Showing posts with label repurpose. Show all posts
Showing posts with label repurpose. Show all posts

Friday, September 28, 2007

From Shabby to Chic

So, my whole purpose in life is to find old junk and turn it into fancy-shmancy fabulous-looking things. I started small. I found a black, wrought iron candelabra with a chain for hanging, on the sidewalk near my old apartment in the Marina District of San Francisco. I liked the look of it. It was ugly, and rusty, and clearly someone had thrown it out, but I was going to love it. When I got it home, I decided on its new look: antique white.

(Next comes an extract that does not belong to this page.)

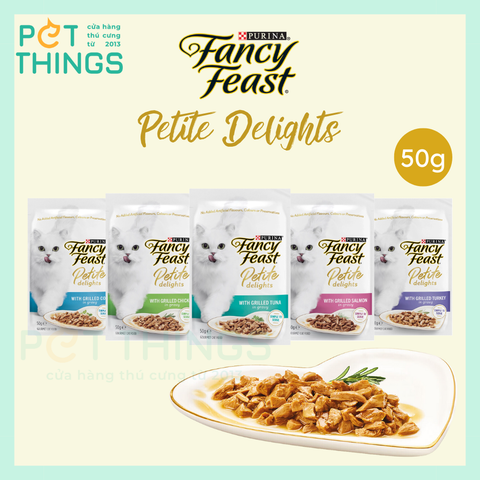 Pate Cho Mèo Fancy Feast Petite Delights Thịt Nấu Sốt Gói 50g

Now, I must insert here that this all happened before I knew that spray paint and its sisters, VOC and Cancer Paint, were bad for you. So, I found a lovely crackle-white spray paint. And boy, did it go crackle! I loved the look. Of course, it stank, and don't tell my old landlord, but I got it all over the roof. But, it graced the ceiling of my apartment for two years quite beautifully. And that's where it began: my junking habit. My husband calls it my "trash" habit, but who asked him, anyways?

Now, I have found many wonderful (and free!) items on the streets. I have found a sewing table, a set of two overstuffed chairs, a rocking chair, a set of two oversized iron-cage candle holders, a tall, beveled hallway mirror, and two side tables. Each of these has been restored, re-painted, re-purposed, and has found a place in my home. The above example is a chair I found (for free!) across the street, which has become the chair to match my sewing table.

Of course, there was the one item that got away. It was a Louis XIV chair (imitation, most likely) and when I saw it, it was sitting beside a dumpster in Golden Gate Park, right near Stowe Lake, where I was walking with my husband and my brother.

I ran to it. It was water damaged, yes, its wood was unevenly stained, sure, but it called out to me. Save me. Please, can't you see I deserve better than this metal dumpster? Better than this muddy lawn my beautifully carved feet are sinking into? I touched its arm, to reassure it that I knew exactly what to do.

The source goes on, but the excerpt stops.